L’auteur raconte la mort tragique de son oncle maternel, Daniel Maroy, assassiné en mars 2014 dans sa ferme du Hainaut, en Belgique. Les auteurs du crime appartenaient à une petite bande de jeunes loubards appâtés par l’argent facile. Dans le patelin d’Estaimpuis, tout le monde savait que le vieil ermite de 84 ans ne faisait pas confiance aux banques et gardait son argent à portée de main.
Vivant en marge de la société et peu soucieux de son apparence, « oncle Daniel […] avait beaucoup [de surnoms]. Le crasseux. Le clochard. L’ermite. Et donc aussi Jésus-Christ. À cause de sa barbe et de ses cheveux longs ». Dans les milieux étroits, il n’est pas bon de trop se distinguer. « Il déplaisait », résume son neveu. Dernier représentant de sa lignée, cloîtré dans la ferme familiale où il était né, son mode de vie était comme la critique d’un monde plein « de voyous et de filous ». Et il n’avait pas tort.
Dans son coin sévissait une petite bande de glandeurs un peu paumés, souvent issus de familles brisées, peu scolarisés, laissés à eux-mêmes et abonnés à la petite criminalité. Un jour, après avoir fumé quelques joints, l’un d’eux propose « d’aller à la ferme du vieux crasseux » pendant qu’il est au supermarché local. Arrivés sur place, alors que Daniel rentre de ses courses, ils le frappent sauvagement à la tête. Ils le laisseront pour mort sur le plancher de sa cuisine et s’enfuiront avec les 13 000 euros qu’il avait sur lui. Un pactole !
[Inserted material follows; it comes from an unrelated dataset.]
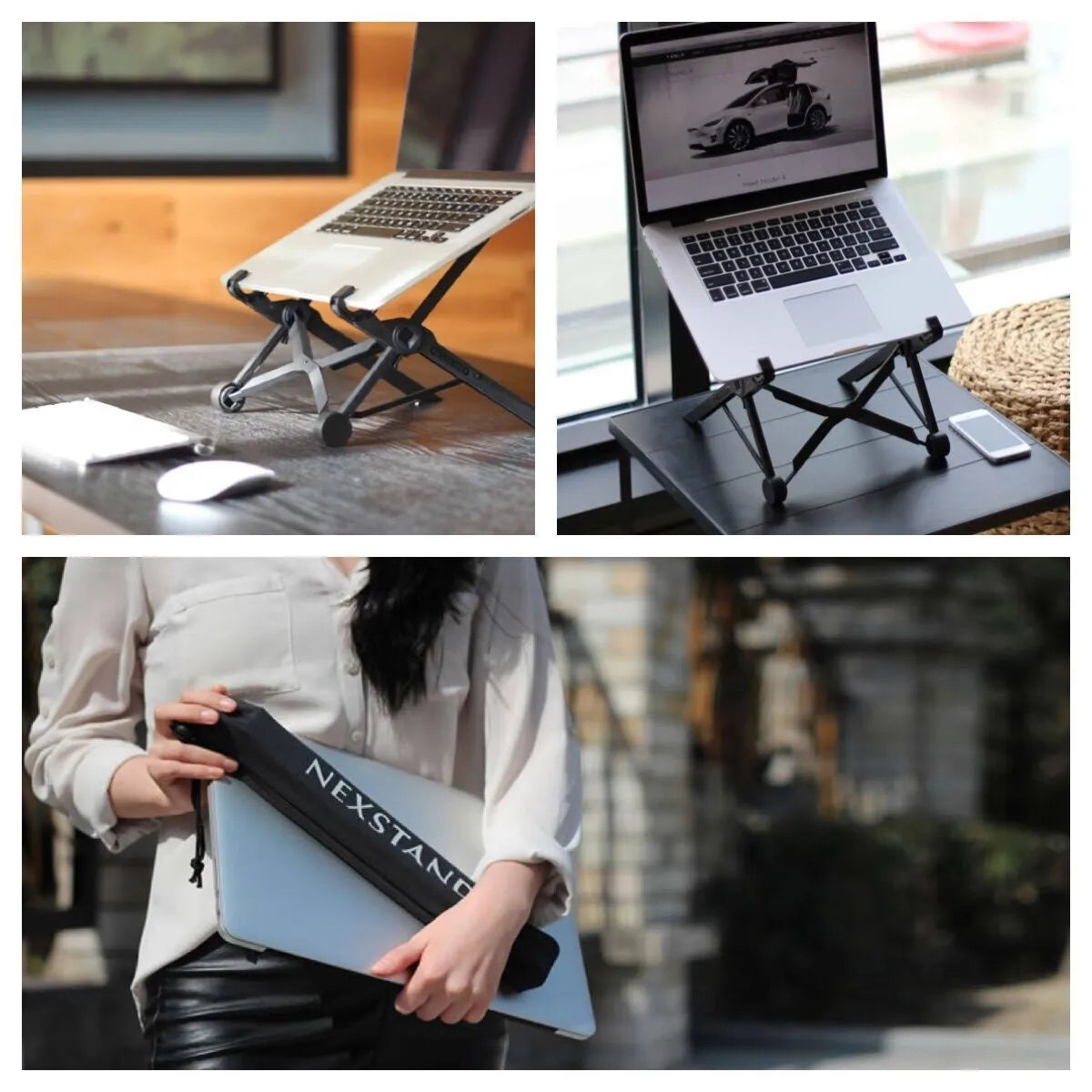 Sagacious black folding laptop stand with carrying case, shown open and closed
Tout contents de cette richesse nouvelle, ils s’empressent de la dilapider en gadgets électroniques, moto-cross, vêtements de marque, etc. Avec une belle insouciance, ils ne se privent pas non plus de se vanter de leur forfait autour d’eux. Si bien que la police a tôt fait de leur mettre la main au collet. La seconde partie du livre raconte le procès qui s’est tenu cinq ans plus tard et dans lequel l’auteur s’était porté partie civile.
Chris de Stoop rapporte dans le détail non seulement les circonstances de l’agression de son oncle Daniel et son propre parcours judiciaire mais aussi, en filigrane, sa démarche pour se réapproprier son histoire familiale sur fond de nostalgie d’un mode de vie qui disparaît peu à peu et dont son oncle était un des derniers représentants. Bien plus que l’histoire d’un fait divers tragique, son livre est un superbe portrait de société, en même temps que la plus belle épitaphe qu’on puisse écrire pour « un homme sans histoire. Une biographie vide ». Un très beau livre.